К оленеводам отправились солидно: на байдаре переехали лагуну, а оттуда уже собачьими упряжками на нартах с железными подползками по мокрой тундре двинулись к распадкам, где пастухи бывшего стойбища Ильмоча пасли оленей.
Над стойбищем висела тишина, и Джон позавидовал кочевникам, которые отгорожены от неожиданностей и странных поворотов в своих судьбах огромными тундровыми пространствами, непроходимыми реками и высокими хребтами. Правда, и их не миновали отголоски революционных событий. Пожалуй, нигде больше на Чукотке не было такого кровавого побоища, как в стойбище Ильмоча.
И все-таки здесь тихо.
Пастухи встретили приезжих радушно, но с какой-то виноватостью, будто в стойбище случилось что-то постыдное, о чем оленеводы не хотели рассказывать гостям.
Гости поместились в яранге Ыттувьйи, который занимал теперь место Ильмоча, но уже в звании председателя Туземного Совета.
Он и посетовал за вечерней едой:
— Не знаем, как жить дальше… Чую — какие-то перемены в жизни должны быть, а какие — не знаю, — сокрушенно развел руками Ыттувьйи.
— Разве плоха жизнь, которой вы живете? — спросил Джон.
— Может быть, она и хороша, — задумчиво ответил Ыттувьйи. — Все так же идет, как раньше: солнце всходит на положенном месте, и закат никуда не переместился. Озера и реки замерзают в свое время и тают, когда солнце начинает жечь голую шею. Олень рождается на первых проталинах с четырьмя ногами и с двумя глазами… Все идет правильно и как надо…
Ыттувьйи замолчал, посмотрел на гостей, словно ждал от них отклика, но никто ничего не сказал, и все ждали продолжения его речи.

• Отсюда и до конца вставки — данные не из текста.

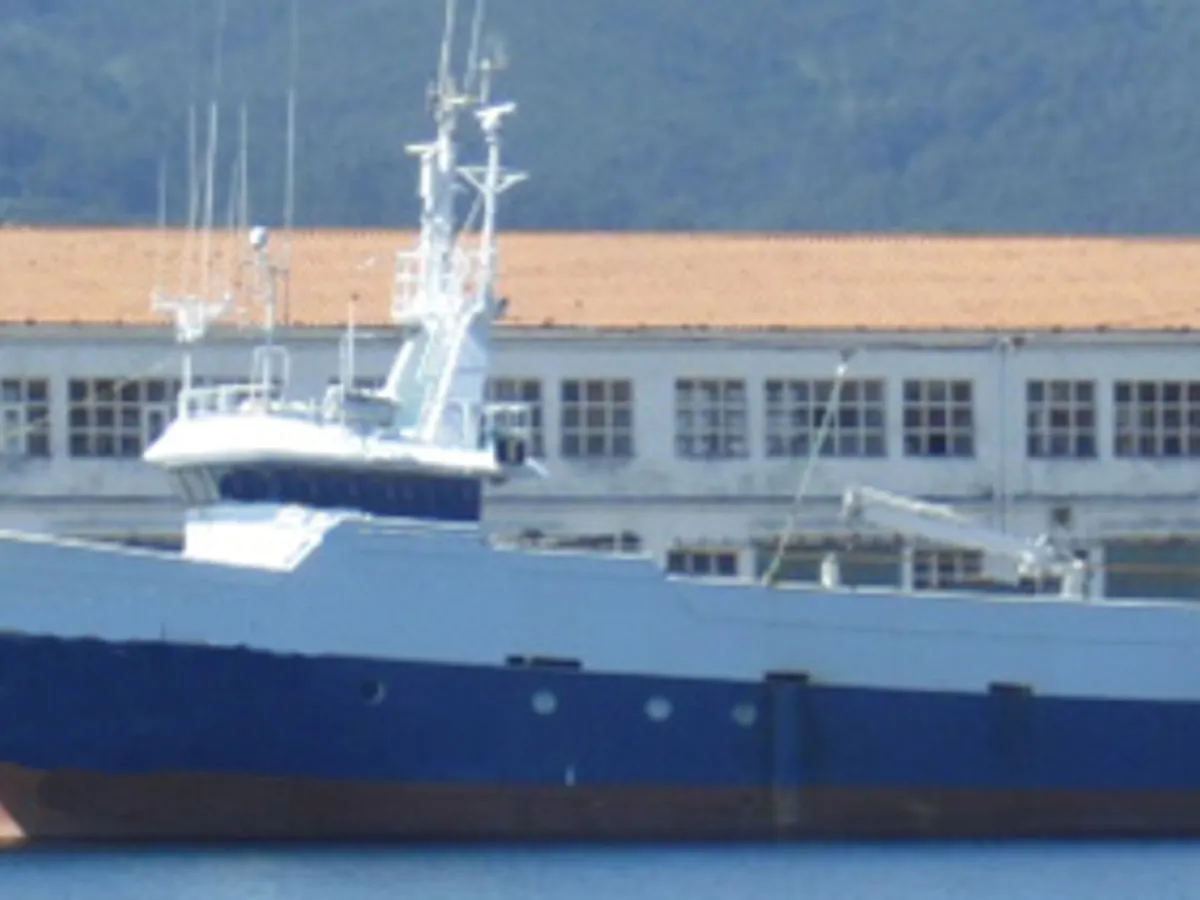 Kapal trawler kanggo didol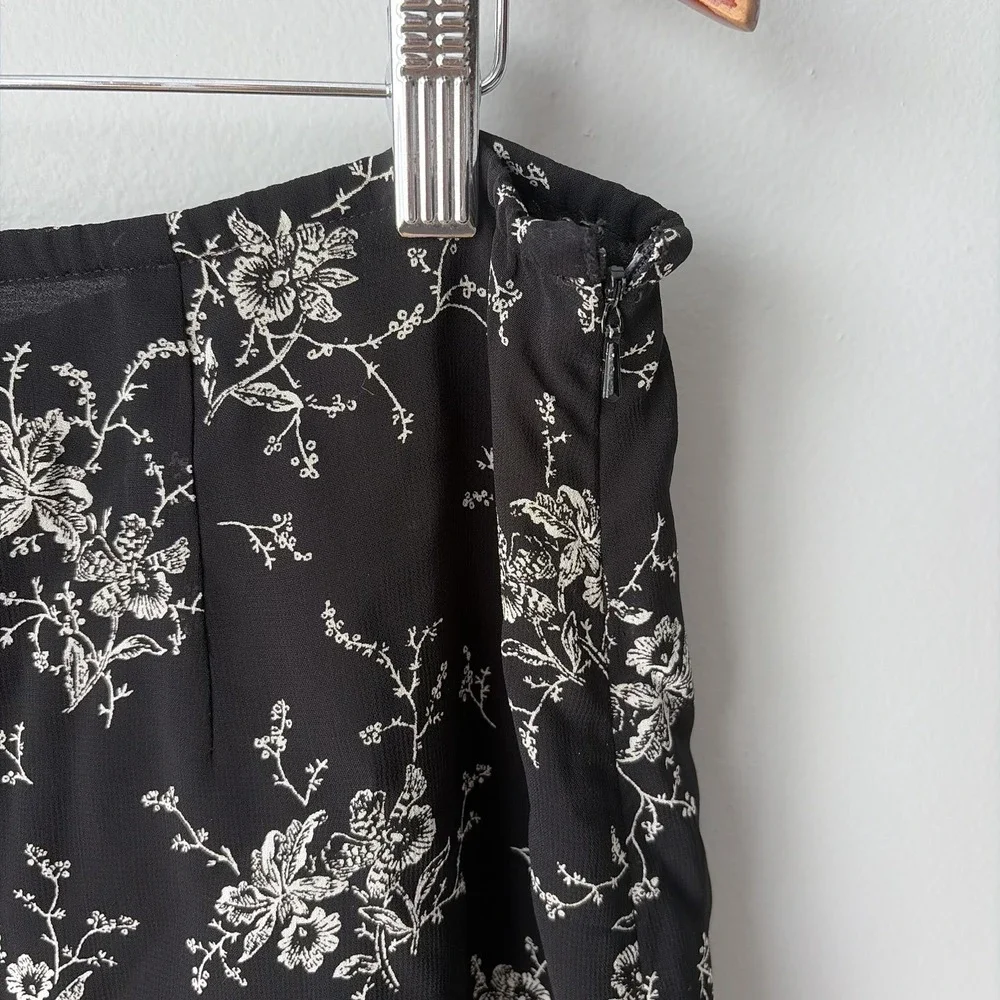 Vintage Talbots Midi Skirt Womens Size‎ 10 Lined White And Black Floral Print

— Раньше я знал, что должно быть в жизни, — продолжал Ыттувьйи, — мне казалось, что я все понимаю. А если что было непонятно, о том заботился шаман или же сам Ильмоч. Главная же моя забота была — сохранить оленей, умножить стадо, потому что я чувствовал, когда олень болел, когда он голодал в плохие зимы, стирая копыта о ледяную корку… Я знал свой день, свою жизнь… А теперь не знаю… Есть у нас Совет, разговоры о будущем, а что делать Совету — не знаем, какое нас ждет будущее, не ведаем… Вот почему мы тогда зимой столько оленей без разбору забили? Не потому, что перестали быть оленными людьми, перестали понимать, какой олень нужен для еды, какой на племя. Просто мы вдруг почуяли себя хозяевами, словно сорвались с цепи, и никто нам ничего не скажет, никто не упрекнет, если даже важенку забьем… Кто-то из нас даже сказал, не худо бы и священных оленей заколоть, но от этого повеяло морозом, и все сделали вид, что не слышали кощунственных слов. А потом я думал: а почему бы и нет? Говорят, что боги больше не существуют даже у русских, так отчего же они должны у нас оставаться? Вот Орво нас потом немного отрезвил, но так и не сказал, как нам жить дальше. Эти мысли не дают нам покоя, громко спрашивают нас самих, а мы сами себе не можем ответить, а уж другим и подавно. Вроде бы спокойно у нас в стойбище снаружи, а внутри очень беспокойно, иные даже стали худеть от мыслей. Кто-нибудь нам скажет о будущей жизни?